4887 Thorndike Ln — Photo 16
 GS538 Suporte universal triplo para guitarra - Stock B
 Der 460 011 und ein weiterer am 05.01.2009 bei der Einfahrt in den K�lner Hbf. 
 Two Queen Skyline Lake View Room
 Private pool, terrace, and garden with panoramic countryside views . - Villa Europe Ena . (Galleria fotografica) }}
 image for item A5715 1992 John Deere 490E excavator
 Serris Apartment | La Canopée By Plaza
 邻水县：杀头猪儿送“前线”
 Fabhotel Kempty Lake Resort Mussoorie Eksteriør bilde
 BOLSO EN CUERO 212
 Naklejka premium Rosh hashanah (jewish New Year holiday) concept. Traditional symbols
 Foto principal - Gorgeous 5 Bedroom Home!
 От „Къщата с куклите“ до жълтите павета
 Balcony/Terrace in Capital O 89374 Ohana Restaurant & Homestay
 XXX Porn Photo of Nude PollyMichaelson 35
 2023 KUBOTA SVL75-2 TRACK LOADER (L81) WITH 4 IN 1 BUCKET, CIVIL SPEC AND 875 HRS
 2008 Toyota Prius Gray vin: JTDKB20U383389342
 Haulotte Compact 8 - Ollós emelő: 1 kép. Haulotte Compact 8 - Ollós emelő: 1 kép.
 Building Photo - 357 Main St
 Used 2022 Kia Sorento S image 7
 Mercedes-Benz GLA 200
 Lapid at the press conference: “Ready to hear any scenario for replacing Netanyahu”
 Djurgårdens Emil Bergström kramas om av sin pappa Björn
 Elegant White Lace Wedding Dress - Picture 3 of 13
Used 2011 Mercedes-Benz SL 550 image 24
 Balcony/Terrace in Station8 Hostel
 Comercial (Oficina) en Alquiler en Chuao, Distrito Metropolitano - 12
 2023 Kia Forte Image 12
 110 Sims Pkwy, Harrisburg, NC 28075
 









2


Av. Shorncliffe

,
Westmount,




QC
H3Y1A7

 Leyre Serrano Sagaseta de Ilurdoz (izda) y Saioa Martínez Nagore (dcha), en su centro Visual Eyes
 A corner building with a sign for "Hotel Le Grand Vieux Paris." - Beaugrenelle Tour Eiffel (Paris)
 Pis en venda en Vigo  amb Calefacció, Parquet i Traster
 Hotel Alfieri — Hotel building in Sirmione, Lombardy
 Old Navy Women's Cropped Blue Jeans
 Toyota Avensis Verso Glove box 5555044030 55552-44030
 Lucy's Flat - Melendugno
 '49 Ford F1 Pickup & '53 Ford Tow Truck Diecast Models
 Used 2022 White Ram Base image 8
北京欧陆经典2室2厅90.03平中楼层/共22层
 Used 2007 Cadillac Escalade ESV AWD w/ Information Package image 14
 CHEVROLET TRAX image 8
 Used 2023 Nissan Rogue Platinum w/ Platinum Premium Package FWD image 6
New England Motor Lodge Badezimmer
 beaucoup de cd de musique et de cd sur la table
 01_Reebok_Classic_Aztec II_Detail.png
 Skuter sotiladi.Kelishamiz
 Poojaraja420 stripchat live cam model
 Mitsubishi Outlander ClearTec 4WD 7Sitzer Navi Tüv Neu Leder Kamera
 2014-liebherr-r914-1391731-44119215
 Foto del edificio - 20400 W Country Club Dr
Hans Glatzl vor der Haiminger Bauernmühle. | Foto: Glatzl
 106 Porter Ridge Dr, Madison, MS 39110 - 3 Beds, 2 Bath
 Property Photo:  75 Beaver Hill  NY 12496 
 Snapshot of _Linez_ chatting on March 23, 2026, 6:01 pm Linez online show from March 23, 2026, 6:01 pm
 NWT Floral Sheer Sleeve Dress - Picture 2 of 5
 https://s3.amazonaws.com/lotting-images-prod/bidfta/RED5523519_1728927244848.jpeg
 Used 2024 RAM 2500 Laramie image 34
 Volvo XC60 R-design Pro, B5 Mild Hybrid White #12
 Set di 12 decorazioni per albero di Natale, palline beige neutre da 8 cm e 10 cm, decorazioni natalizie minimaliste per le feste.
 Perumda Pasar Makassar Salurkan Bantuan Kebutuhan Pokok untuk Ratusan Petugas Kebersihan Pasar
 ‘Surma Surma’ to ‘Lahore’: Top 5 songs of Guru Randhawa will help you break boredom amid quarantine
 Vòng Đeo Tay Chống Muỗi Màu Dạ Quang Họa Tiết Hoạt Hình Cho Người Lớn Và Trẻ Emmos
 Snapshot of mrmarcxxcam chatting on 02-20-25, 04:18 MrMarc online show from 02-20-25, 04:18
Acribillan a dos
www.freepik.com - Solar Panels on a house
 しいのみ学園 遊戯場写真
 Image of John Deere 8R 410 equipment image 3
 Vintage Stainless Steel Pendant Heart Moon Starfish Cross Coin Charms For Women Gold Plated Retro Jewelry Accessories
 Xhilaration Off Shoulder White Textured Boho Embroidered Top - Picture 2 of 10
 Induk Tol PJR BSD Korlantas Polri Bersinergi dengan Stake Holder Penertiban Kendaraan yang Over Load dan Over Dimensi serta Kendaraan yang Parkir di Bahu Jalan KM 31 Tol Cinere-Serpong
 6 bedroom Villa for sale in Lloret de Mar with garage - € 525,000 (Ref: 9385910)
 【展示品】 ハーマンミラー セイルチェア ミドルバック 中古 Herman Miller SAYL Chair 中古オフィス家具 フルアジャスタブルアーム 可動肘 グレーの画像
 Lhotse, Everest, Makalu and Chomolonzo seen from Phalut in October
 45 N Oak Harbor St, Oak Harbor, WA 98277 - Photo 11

**TASK TO CARRY OUT:**
Above are the entries; copy out every line among them that contains the word "show".

**RESPONSE TO THE EXERCISE:**
 Snapshot of _Linez_ chatting on March 23, 2026, 6:01 pm Linez online show from March 23, 2026, 6:01 pm
 Snapshot of mrmarcxxcam chatting on 02-20-25, 04:18 MrMarc online show from 02-20-25, 04:18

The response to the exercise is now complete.